Your task >> The response should consist of the records that follow, repeated exactly.

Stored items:
+++++
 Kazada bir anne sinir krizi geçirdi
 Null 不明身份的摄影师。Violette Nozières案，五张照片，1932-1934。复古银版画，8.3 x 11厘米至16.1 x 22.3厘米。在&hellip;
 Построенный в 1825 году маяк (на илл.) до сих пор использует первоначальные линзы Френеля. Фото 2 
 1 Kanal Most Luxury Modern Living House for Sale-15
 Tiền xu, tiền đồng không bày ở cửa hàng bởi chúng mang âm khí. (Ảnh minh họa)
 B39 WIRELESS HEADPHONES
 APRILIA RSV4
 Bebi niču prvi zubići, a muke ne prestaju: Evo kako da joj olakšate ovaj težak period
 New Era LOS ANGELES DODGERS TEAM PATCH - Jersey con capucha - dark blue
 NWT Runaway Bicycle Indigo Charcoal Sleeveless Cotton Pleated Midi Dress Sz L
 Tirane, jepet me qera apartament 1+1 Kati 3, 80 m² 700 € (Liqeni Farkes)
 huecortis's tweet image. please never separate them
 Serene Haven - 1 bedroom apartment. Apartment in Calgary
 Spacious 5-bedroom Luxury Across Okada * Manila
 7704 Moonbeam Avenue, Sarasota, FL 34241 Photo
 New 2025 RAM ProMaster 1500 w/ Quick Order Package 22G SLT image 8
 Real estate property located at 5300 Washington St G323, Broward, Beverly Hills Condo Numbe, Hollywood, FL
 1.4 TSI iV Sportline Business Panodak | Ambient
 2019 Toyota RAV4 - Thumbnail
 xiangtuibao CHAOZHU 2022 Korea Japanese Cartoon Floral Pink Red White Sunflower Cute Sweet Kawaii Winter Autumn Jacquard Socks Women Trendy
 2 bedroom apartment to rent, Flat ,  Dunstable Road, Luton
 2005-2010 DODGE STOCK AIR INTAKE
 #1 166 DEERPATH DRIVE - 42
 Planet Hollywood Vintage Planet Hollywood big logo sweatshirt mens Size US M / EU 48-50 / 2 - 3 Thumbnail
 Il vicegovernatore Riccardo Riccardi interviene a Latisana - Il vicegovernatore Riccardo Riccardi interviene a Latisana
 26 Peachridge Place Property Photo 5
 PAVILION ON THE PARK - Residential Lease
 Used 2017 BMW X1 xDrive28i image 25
+++++
Answer to this problem >>
 Kazada bir anne sinir krizi geçirdi
 Null 不明身份的摄影师。Violette Nozières案，五张照片，1932-1934。复古银版画，8.3 x 11厘米至16.1 x 22.3厘米。在&hellip;
 Построенный в 1825 году маяк (на илл.) до сих пор использует первоначальные линзы Френеля. Фото 2 
 1 Kanal Most Luxury Modern Living House for Sale-15
 Tiền xu, tiền đồng không bày ở cửa hàng bởi chúng mang âm khí. (Ảnh minh họa)
 B39 WIRELESS HEADPHONES
 APRILIA RSV4
 Bebi niču prvi zubići, a muke ne prestaju: Evo kako da joj olakšate ovaj težak period
 New Era LOS ANGELES DODGERS TEAM PATCH - Jersey con capucha - dark blue
 NWT Runaway Bicycle Indigo Charcoal Sleeveless Cotton Pleated Midi Dress Sz L
 Tirane, jepet me qera apartament 1+1 Kati 3, 80 m² 700 € (Liqeni Farkes)
 huecortis's tweet image. please never separate them
 Serene Haven - 1 bedroom apartment. Apartment in Calgary
 Spacious 5-bedroom Luxury Across Okada * Manila
 7704 Moonbeam Avenue, Sarasota, FL 34241 Photo
 New 2025 RAM ProMaster 1500 w/ Quick Order Package 22G SLT image 8
 Real estate property located at 5300 Washington St G323, Broward, Beverly Hills Condo Numbe, Hollywood, FL
 1.4 TSI iV Sportline Business Panodak | Ambient
 2019 Toyota RAV4 - Thumbnail
 xiangtuibao CHAOZHU 2022 Korea Japanese Cartoon Floral Pink Red White Sunflower Cute Sweet Kawaii Winter Autumn Jacquard Socks Women Trendy
 2 bedroom apartment to rent, Flat ,  Dunstable Road, Luton
 2005-2010 DODGE STOCK AIR INTAKE
 #1 166 DEERPATH DRIVE - 42
 Planet Hollywood Vintage Planet Hollywood big logo sweatshirt mens Size US M / EU 48-50 / 2 - 3 Thumbnail
 Il vicegovernatore Riccardo Riccardi interviene a Latisana - Il vicegovernatore Riccardo Riccardi interviene a Latisana
 26 Peachridge Place Property Photo 5
 PAVILION ON THE PARK - Residential Lease
 Used 2017 BMW X1 xDrive28i image 25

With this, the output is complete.